Many people believe that long-term care insurance is basically nursing home insurance. But it covers a wide variety of health expenses, such as the bills associated with a chronic illness or disability. Moreover, long term health insurance can keep you out of the nursing home, as you reap the convenience of home coverage. Below are a few tips to keep in mind when evaluating long-term care insurance.
Purchase with Spouse
Most long-term care insurance company’s offer discounts to married couples. Expect to save around 30% if you apply with your partner. Also, shared care is a viable option. It allows couples to share the benefits of each other’s policies.

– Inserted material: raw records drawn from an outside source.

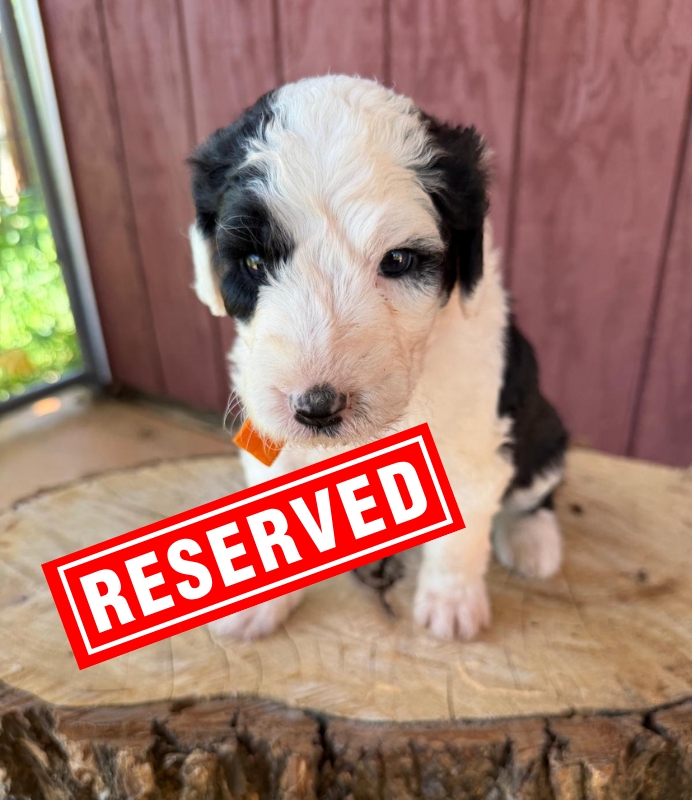 Orange Bow Girl Orange Bow Girl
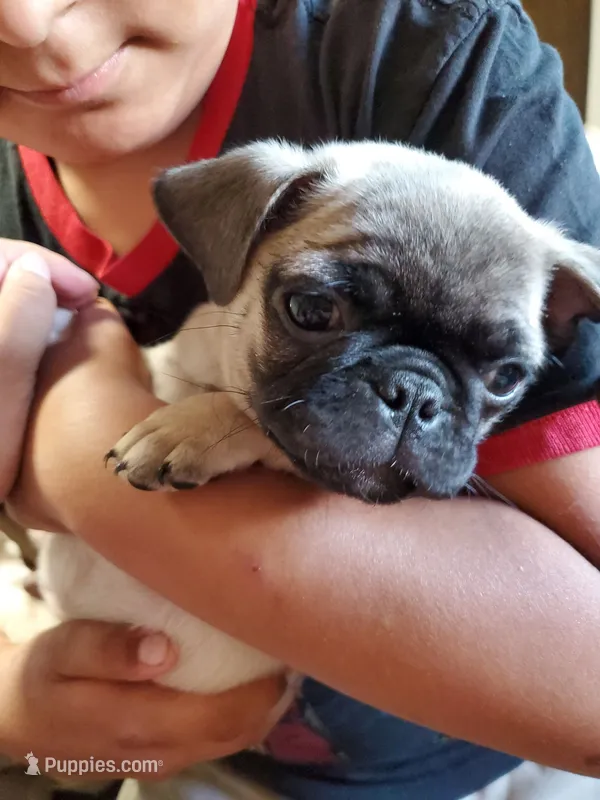 Belly baby – Pug puppy for sale in San Bernardino, CA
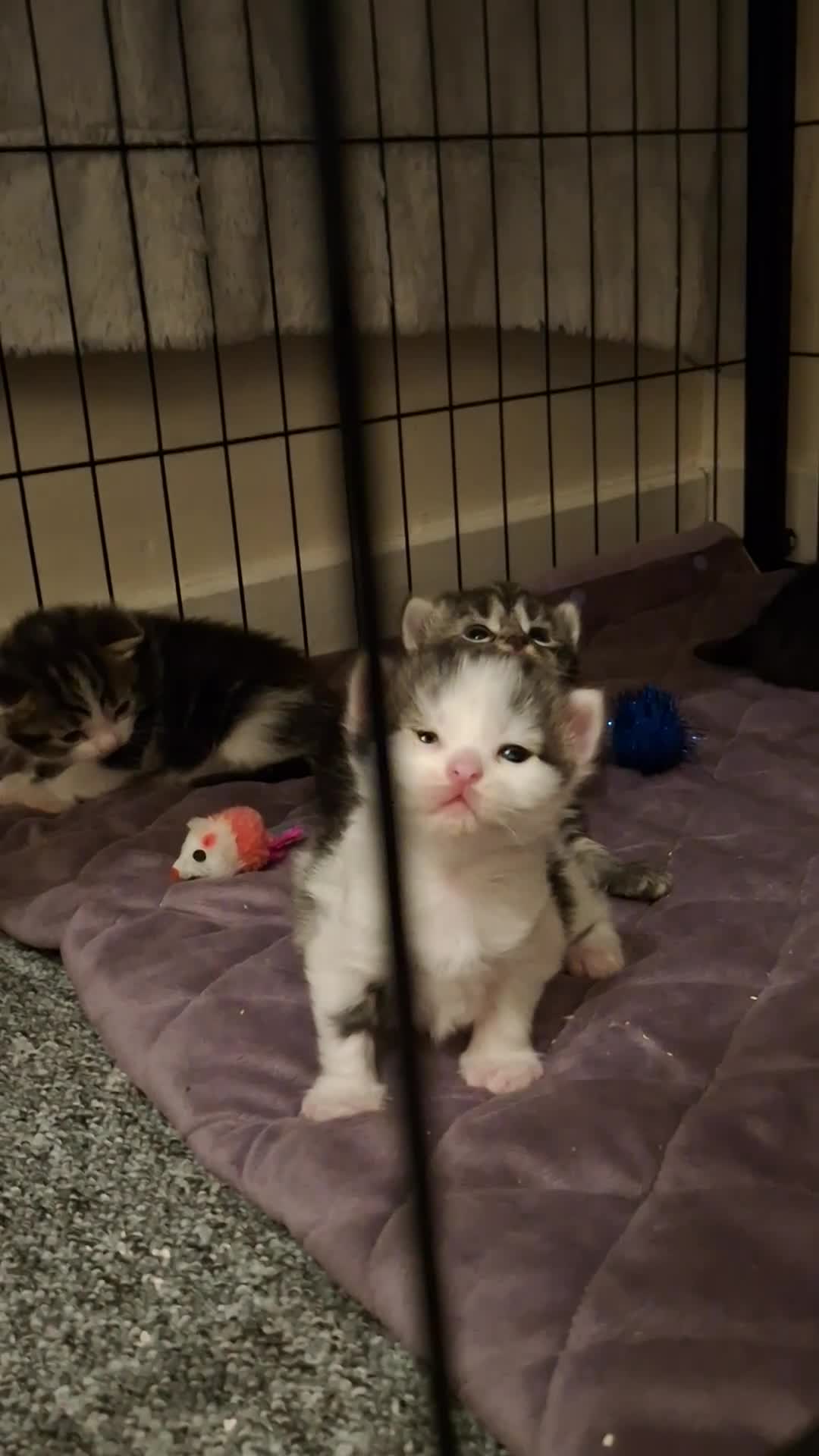 Mixed Breed cats for sale: Mix breed - Video 1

If one member of a couple becomes sick they can access 100% of the available funds covered by the insurance policy. If, however, both require access to the account, then the funds can be split evenly.
Purchase Sooner Rather than Later
Rates for long-term care insurance are largely based on age. The older you are the more you will pay. If you can secure long-term care insurance at an early age, accompanied by some sort of inflation coverage, then you will most likely pay less than your aged counterparts.
Awareness of Tax Write-Offs
If you are a small business owner or have high health care costs, then long-term care insurance premiums can be written off on your tax returns. Licensed accountants will be familiar with this policy, and you will most likely receive a tax break.
Speak with a Qualified Expert
Most consumers have no idea what a long-term care insurance plan looks like. Typically, the plan will cover somewhere around 5,000 month in the event that long term care is necessary. Consumers can expect to pay around $185/month for this coverage.